The first waterborne cargo was loaded for Norway in March 2016, and
ethane began reaching Reliance Industries' facilities on the west
coast of India in late 2016. Other countries currently importing US
ethane include UK, Sweden, Mexico, and Brazil.
Some international buyers import US ethane to fill the void left
by dwindling domestic ethane supply. Others take advantage of the
lower cost of US ethane to diversify, making additional investments
to accommodate the more economical feedstock. Figure 1 breaks down
the ethane imported by each company in 2018, along with the capital
spent on related projects.
INEOS owns two gas crackers at Grangemouth, UK and Rafnes,
Norway. Feedstock for these facilities traditionally relied on
North Sea production. Declining ethane production in the UK caused
INEOS to close the Grangemouth cracker in 2008. Production in
Norway has been more stable. To capitalize on its early-mover
status in securing US ethane, however, INEOS decided to expand
capacity by investing in a new furnace at Rafnes. With eight
dragon-class ships, the INEOS fleet acts as a virtual pipeline to
bring US ethane to Europe.
Borealis soon followed INEOS into the waterborne ethane trade.
Borealis still has an ethane supply contract with Equinor. Yet in
2017 when the company saw an opportunity to secure feedstock long
term for its Stenungsund, Sweden cracker, Borealis started
importing from the US. In 2018, this flexible gas cracker imported
450,000 tons of ethane, higher than the annual average of 350,000
tons per year used during the prior five years.

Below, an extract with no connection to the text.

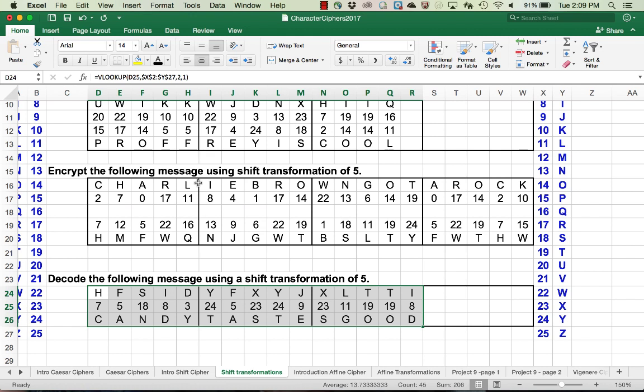That's all for now on Caesar cipher and shift transformations. The next video will be covering affine ciphers. Thanks and have a great day.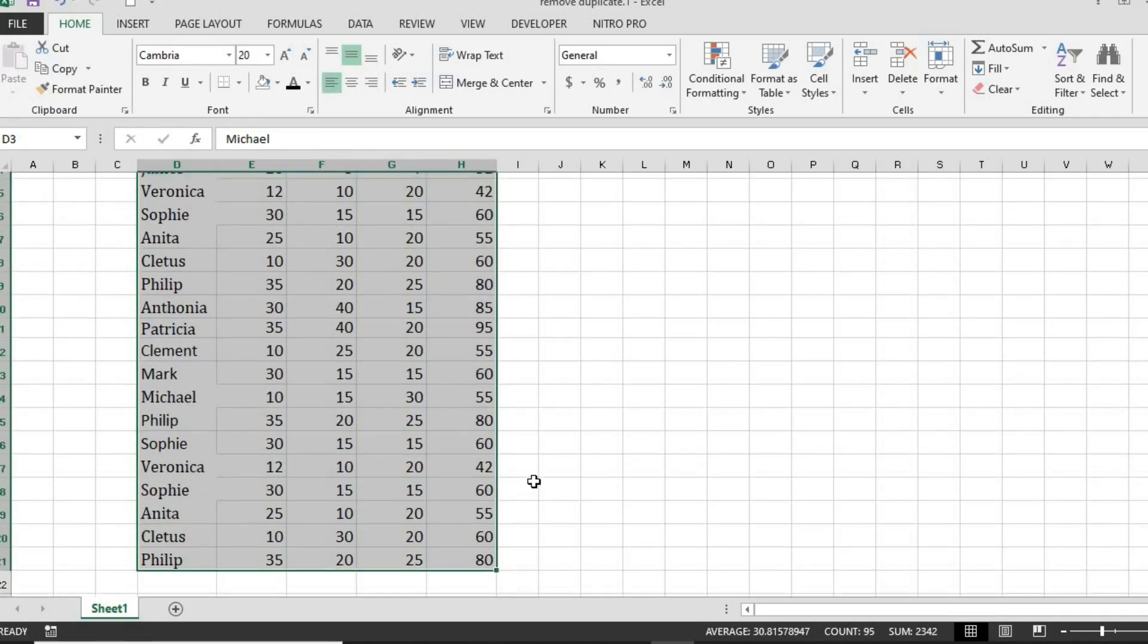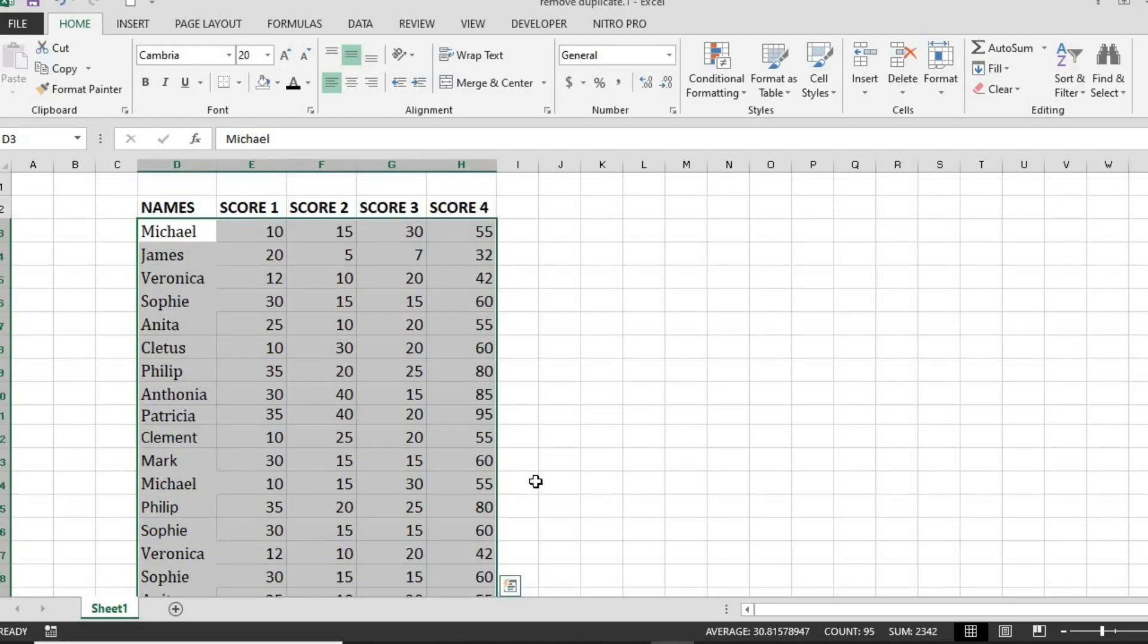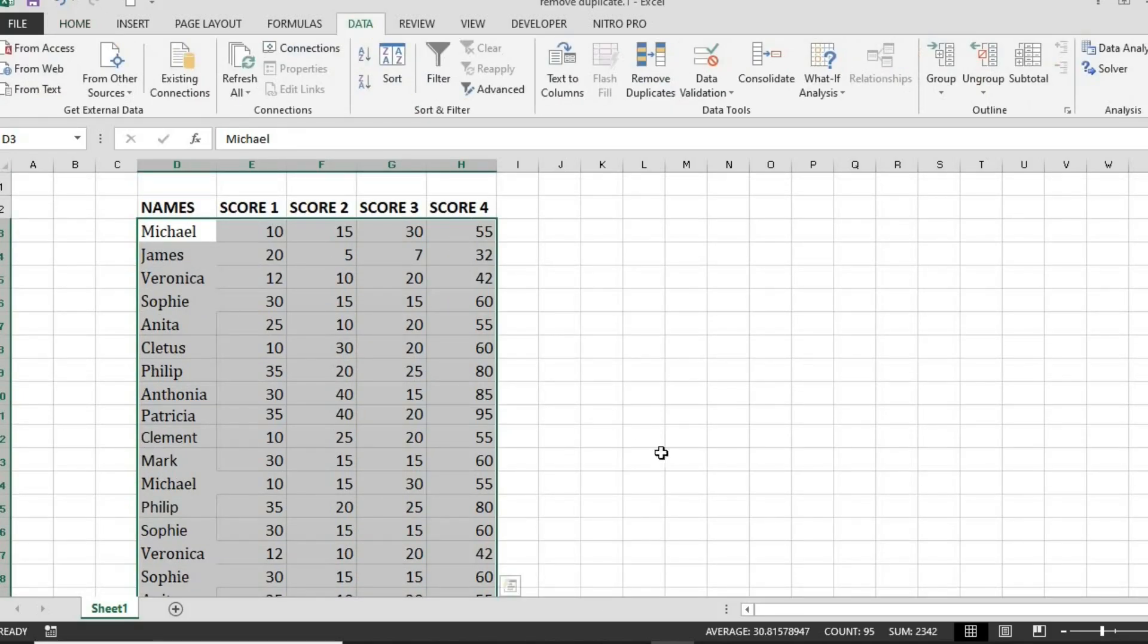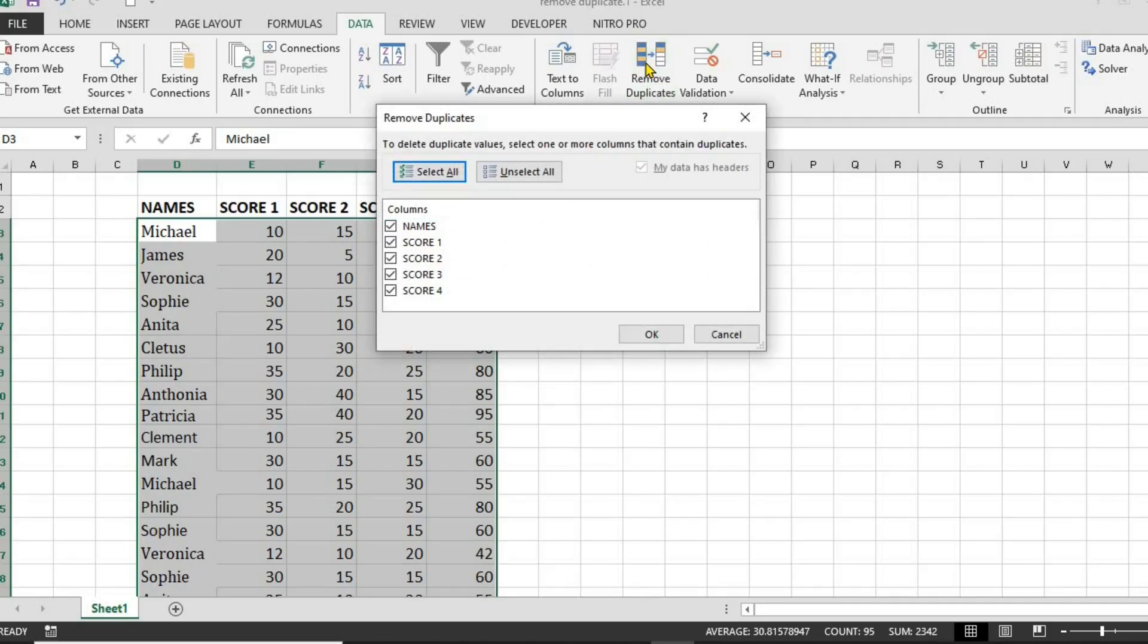Now, head over to the Data tab in the top menu and click on Remove Duplicates. A pop-up window will appear.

In order to enhance its competitiveness, Reliance revamped its
existing ethylene crackers at Nagothane, Hazira, and Dahej to
increase capacity. It also built a 480-kilometer pipeline
connecting the facilities. And Reliance set up an even larger
virtual pipeline than INEOS, commissioning the world's first very
large ethane carrier (VLEC) fleet to supply US ethane to its
crackers. The sourcing of ethane at these facilities plus
integration with Reliance's Jamnagar refinery provides the company
with feedstock security as well as optionality in feedstock
usage.
Similar arrangements were made by several other international
chemical firms. Brazilian petrochemical player Braskem signed a
10-year contract with Enterprise Products Partners and started
lifting ethane in 2017. Underpinning the plan is a US$105 million
upgrade project at its cracker in Camaçari, Bahia to use the
ethane. Improvements will also be made to allow the Port of Aratu
and the connecting pipeline to receive ethane. In addition, SABIC
upgraded its Olefins 6 plant at North Tees and added ethane
offloading and storage facilities at the port.
Anticipated interest in importing US ethane
The countries currently importing US ethane are not alone in
their interest. In our view, there are three types of players that
might consider importing US ethane:
Those currently cracking domestically produced ethane, thus
having potential to diversify supply or crack more ethane
Non-ethane crackers that could potentially be re-configured to
use ethane as a feedstock
Countries that are short in ethylene and willing to invest in
greenfield projects to use ethane as a new feedstock
Looking beyond existing importers, more than a dozen other
countries also use ethane as part of their ethylene feedstock. A
number of these countries are located in the Middle East and
Commonwealth of Independent States regions, where vast local oil
and gas resources typically limit the need for US imports.
Some other countries with ethane access could consider US
ethane, however - either for supply diversity or to crack more
ethane due to favorable economics. For example, declining ethane
supply in Europe could eventually lead to expansion of US imports
there. Both Borealis in Sweden and TOTAL in Belgium currently have
contracts with Equinor to provide ethane feedstock, but US ethane
might find its way into Belgium as Norwegian oil and gas production
matures. In Asia, Thailand and Malaysia currently use ethane from
domestically produced natural gas. However, declining domestic gas
production may cause both countries to reconsider their
options.
If US ethane remains competitive against naphtha, we could
expect additional companies to upgrade to allow ethane cracking.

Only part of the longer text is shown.